* _How to complete this task_: Leave the pictures out and quote only the lines from the one with "Load image into" down to the end of the listing below.

BEGIN Records for the exercise

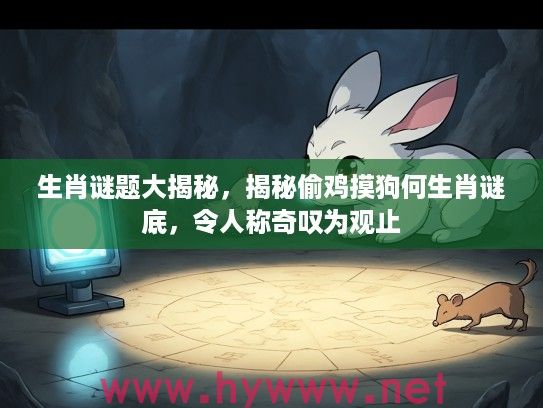 生肖谜题大揭秘，揭秘偷鸡摸狗何生肖谜底，令人称奇叹为观止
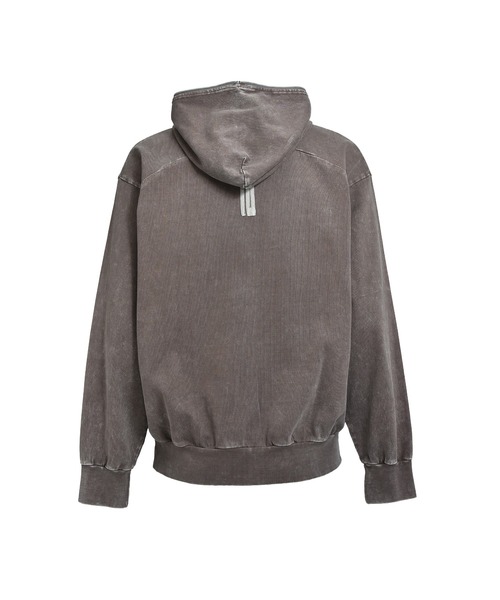 Neutral Untitled（ニュートラルアンタイトルド）の「ZIP HOODIE（パーカー・メンズ・ブラック/グレー/ホワイト・MEDIUM/LARGE/X-LARGE）」の21枚目の写真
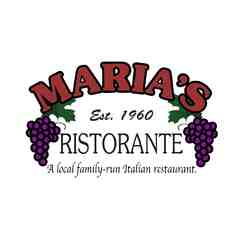 Sponsor: Maria's Ristorante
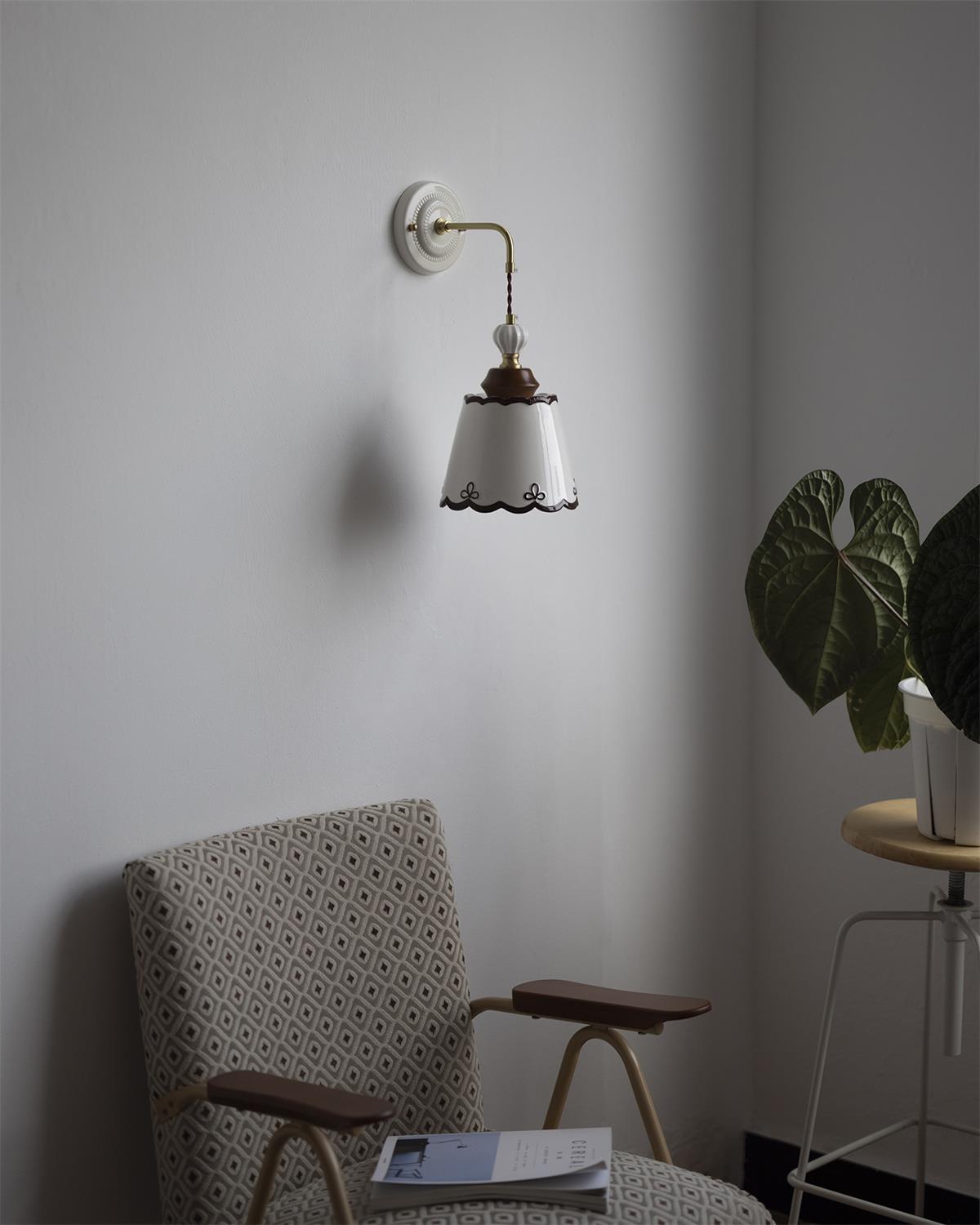 Claribel wandlamp
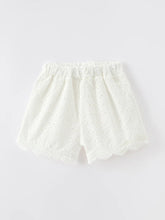 Load image into Gallery viewer, Eyelet Shorts
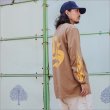 画像3: CAPTAIN STREET Old CS L/S Tシャツ CAMEL キャプテンストリート (3)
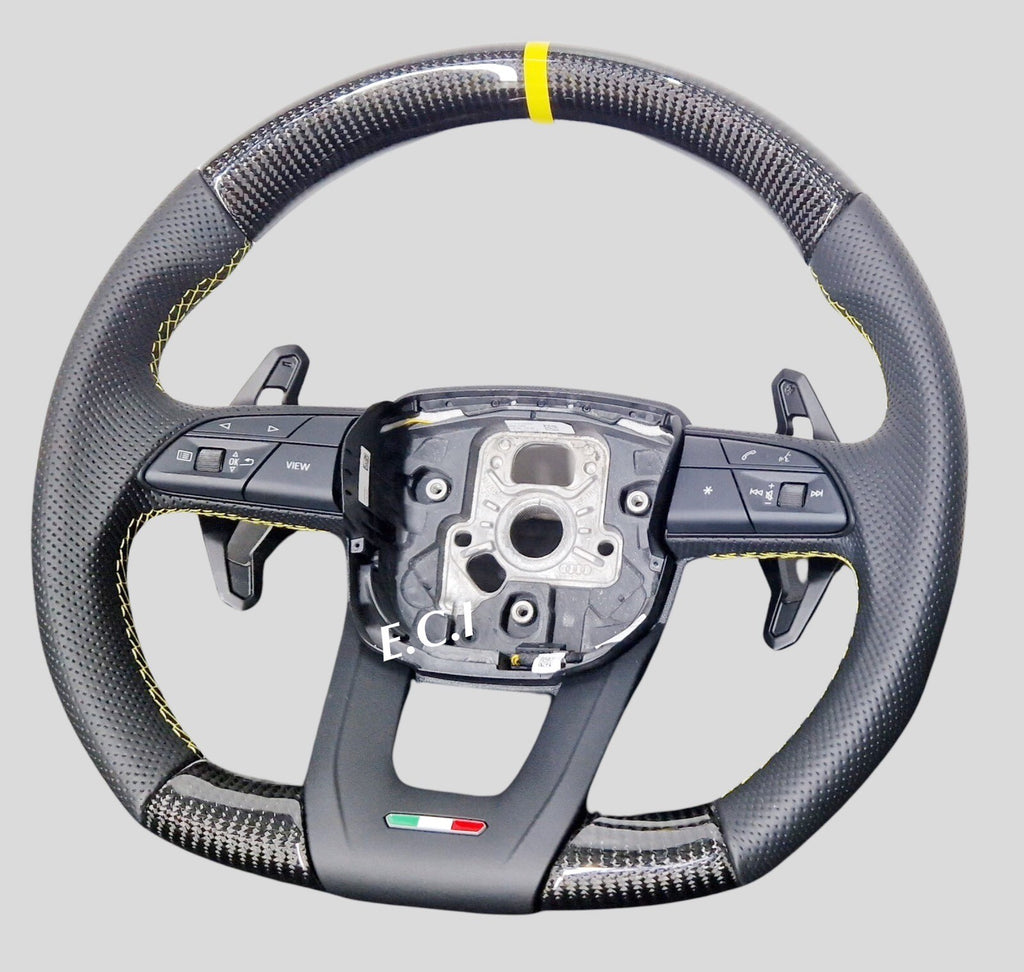 GENUINE OEM LAMBORGHINI URUS CARBON FIBBER STEERING WHEEL CUSTOMIZE ORDER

END Records for the exercise

* _Exercise solution_:
 Load image into Gallery viewer, Eyelet Shorts
 画像3: CAPTAIN STREET Old CS L/S Tシャツ CAMEL キャプテンストリート (3)
 GENUINE OEM LAMBORGHINI URUS CARBON FIBBER STEERING WHEEL CUSTOMIZE ORDER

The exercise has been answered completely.